- Film Poster
- Directed by: Paddy Murphy
- Written by: Paddy Murphy
- Produced by: Paddy Murphy, Vachn Gill, Marie Hourigan, Aaron Walsh, Barry Fahy
- Starring: Courtney McKeon, Paul Fitzgerald, Conor Lambert, Fiach Kunz, Phoebe Murphy, Oisin Robbins, Lisa Tyrrell, Noelle Clarke, Tim Hourigan, Brian O’Regan, Stephen Tubridy
- Cinematography: Barry Fahy
- Edited by: Evan Murphy
- Music by: Aaron Walsh
- Production company: Celtic Badger Media
- Distributed by: The Horror Collective
- Release dates: August 2019 (FrightFest); 7 April 2020 (U.S.);
- Running time: 88 minutes
- Country: Ireland
- Language: English
- Budget: $200,000

= The Perished (2019 film) =

Horror film by Paddy Murphy

The Perished is a 2019 Irish horror film written and directed by Limerick-based indie director Paddy Murphy. The film stars Courtney McKeon, Paul Fitzgerald, Conor Lambert and Fiach Kunz. It was produced under the independent Irish film company Celtic Badger Media, with Barry Fahy, Aaron Walsh, Vachn Gill and Marie Hourigan all serving as producers.

== Plot ==
Sarah Dekker is dealing with the trauma of an abortion. Shunned by her mother and dumped by her boyfriend, she recovers at an old parochial house. Unbeknownst to her the house is the site of a mass baby grave - they need a mother.

== Cast ==

- Courtney McKeon as Sarah Dekker
- Conor Lambert as Richard Dekker
- Fiach Kunz as Shane Daly
- Paul Fitzgerald as Davet Lynch
- Oisin Robbins as Nigel Kiely
- Phoebe Murphy as Nightmare Child
- Lisa Tyrrell as Rebecca Daly (credited as Lisa Tyrell)
- Noelle Clarke as Elaine Dekker
- Brian O’Regan as Shop Assistant
- Stephen Tubridy as Kilin
- Tim Hourigan as Dr. Moylan

== Production ==
Murphy got the idea for the script when he learned of the 800 deceased babies buried at the old Mother and Baby home in Tuam, County Galway, Ireland. He consulted with lead actress Courtney McKeon, to ensure the female characters were "believable and well realised’. The entire film was shot in Limerick, Ireland.

== Release ==
The Perished had its worldwide premiere at FrightFest in 2019.

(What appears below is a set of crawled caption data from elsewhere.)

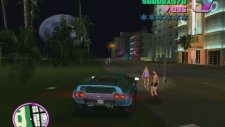 GTA Vice City - Arabaya Kadın Atma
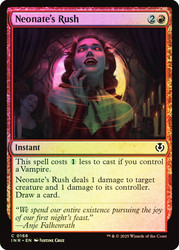 Neonate's Rush\nInnistrad Remastered\nSingle\nMagic The Gathering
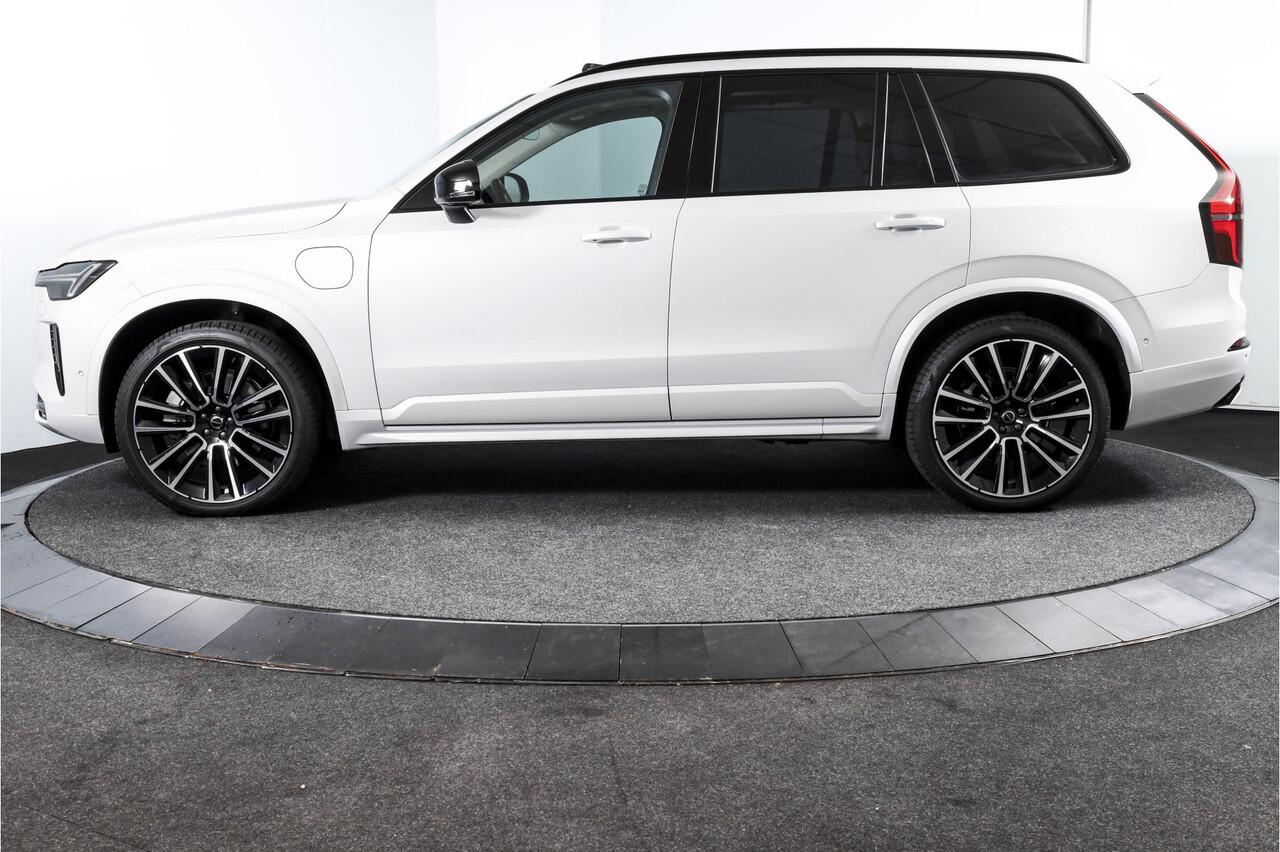 Volvo XC90 2.0 T8 Plug-in hybrid AWD Ultra Dark - Facelift | Leder Pakket | S/K-Panodak | Luchtvering | Bowers & Wilkins | Elek. Stoel-+massage+verwarming & Ventilatie | Head-Up | Adapt. Cruise | 360 Camera | Google +App. Connect | 22" Diamond Cut | 7772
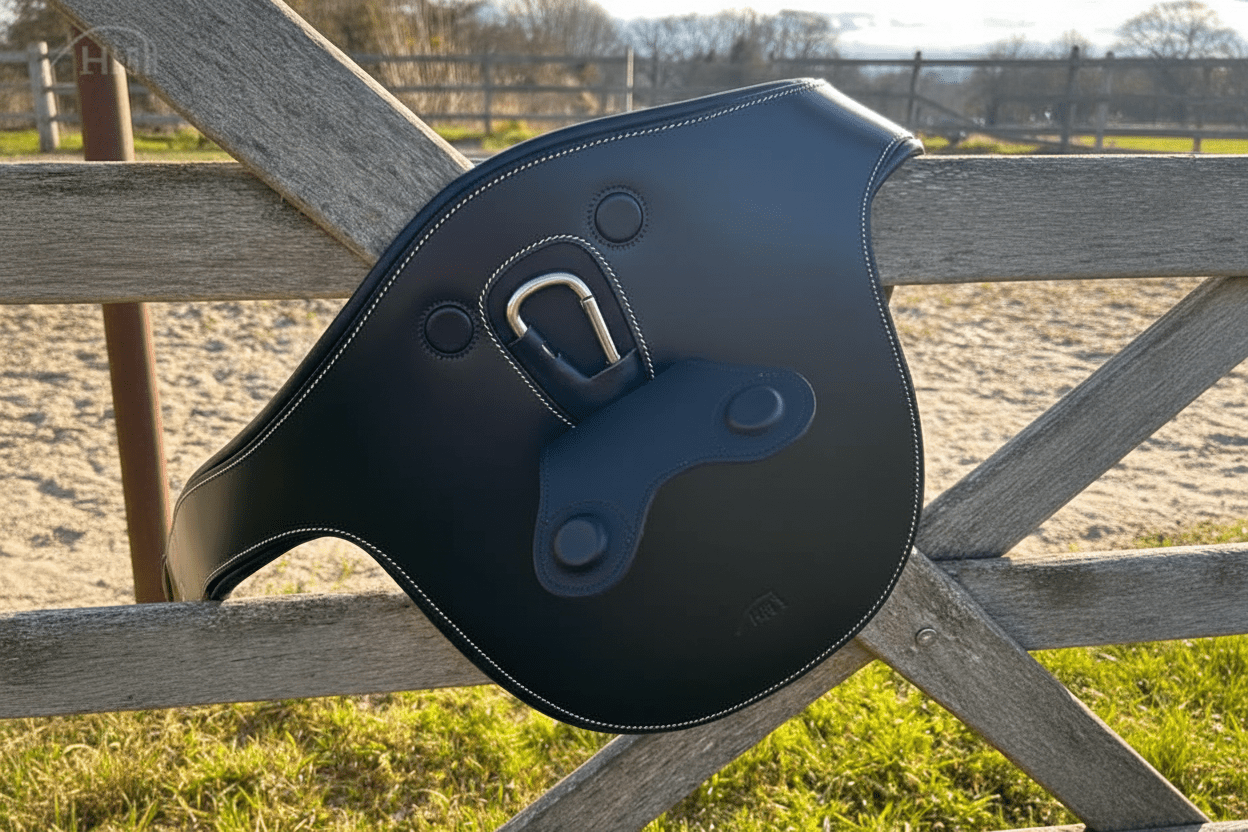 HFI Springsingel met Magnetische Flap Singels - Maddelin Equestrian HFI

ScreenAnarchy announced in 2020 that the horror flick would be arriving on DVD in the United States on April 7th.

== Reception ==
The Perished received mostly negative reviews from critics and audiences alike. The Irish Film Critic gave the film a half star out of five, claiming it ‘lacked any depth’ and begged audiences ‘please don’t watch The Perished’.

Brit Flicks gave the film a negative review, saying ‘You hope that films like this serve to shine a light of culpability on the people who wear church doctrine’ but felt the film failed to do this stating that ‘hopefully, the future sees less need to create characters like Sarah Dekker to illustrate the inequity in the eyes of the law for an unmarried, pregnant woman in a 21st century, first world country like Ireland’.

Killer Horror Critic claimed ‘The Perished doesn’t trust its scripting, characters, or actors enough to let them carry the film’ but ended on a slightly more positive note, stating they hoped to see director Paddy Murphy ‘return to pregnancy horrors in the near future’, praising the unique concept.